This is a Yahoo message board. Don't take it as a barometer of investor sentiment. It is 90% garbage. Longs know the risks.
I agree about the vagueness of the answers. I posed a few rants about that after the CC. The company is in the homestretch of their business plan, and all they said was vague talk about obstacles and difficulties.
I don't really agree that the risk of bankrupt failure is as high as your warning seems to indicate. Mostly, people recognize that this stock trades heavily on the quarterly reports (a bit ridiculous, but it is what it is). That talk of obstacles, and failure to commit to even the worst end of the timeline (previously, saying second half, now saying the goal was December, and will be tough) ... that talk tells everyone to expect another several quarters of bad reports.

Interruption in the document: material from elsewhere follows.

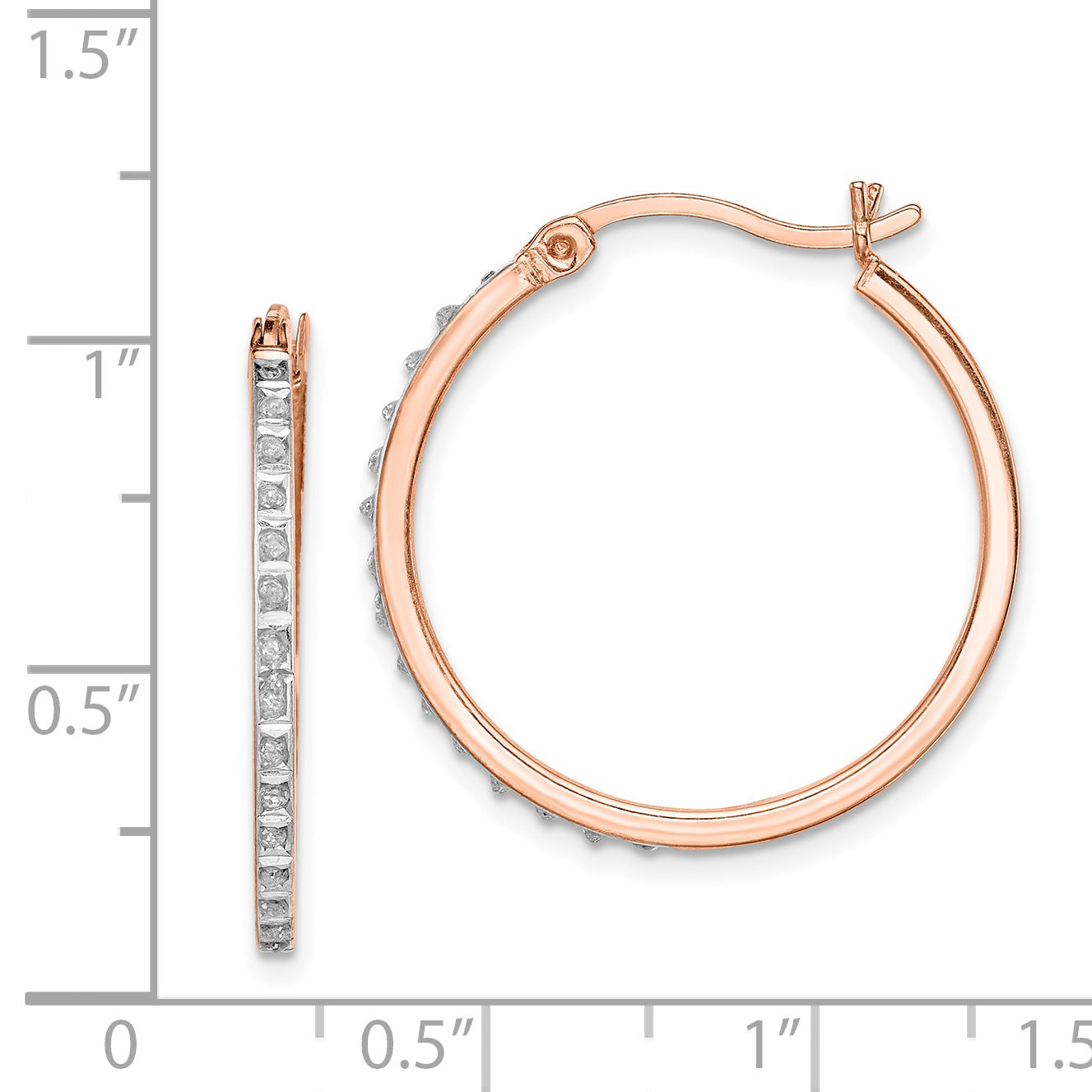 Sterling Silver Diamond Fascination Mystique Rose Gold-Plated Round Hoop Earrings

The loss center for the company is the Mt Pass operations. Every quarter they are running at high expense and lower revenues. They need to have the high volume low cost production that the facility and business plan call for, to move to good results.
Most of my anger has to do with the vagueness of the schedule and lack of information. It is unacceptable that they are providing only quarterly updates to the most important part of their business plan, and they are unwilling to speak with any detail, or endpoint confidence.
Project Phoenix is wildly behind schedule and over-cost. And on top of that, they won't tell us anything.
This message board is largely the playground of a few disruptive, high volume posters, who think that the content will move the market. It isn't in any way a meaningful market sentiment indicator. Of course there are passionate longs and committed shorts, and a few of them argue here. The majority have more nuanced positions, and since the content is #$%$, aren't going to read and respond.
Good for you for being successful.
But the fact you mention and accept is that the market is crooked. A great deal of it is run by investment banks. Whether thet are running an IPO for a company without earnings and hyping it, or hiding risks in exotic derivatives, the market is rigged in favor of large Wall Street, and against investors.
The entire point of a stock market is to allow capital raising, and to allow partner ownership of businesses. It is fine that you accept the risks, and think an occasional loss from a lure of fast riches is just the price of doing business. But I would encourage you to not be so blase about a system that has already taken money from you, but not yet at a level you cannot tolerate.
You are right that listening to anonymous posters on a Yahoo MB is foolish. But you are wrong when you say that the market has an acceptable level of crookedness, because you are still making money. No level of crookedness is acceptable. Yes, we all are personally responsible for our risks. If you bought Enron ... just your risk, fraud happens. If you bought Twitter, just your risk, controlled hype by large players happens. If you listened to a news story and invested, your risk, dishonest reporting is the way of the world.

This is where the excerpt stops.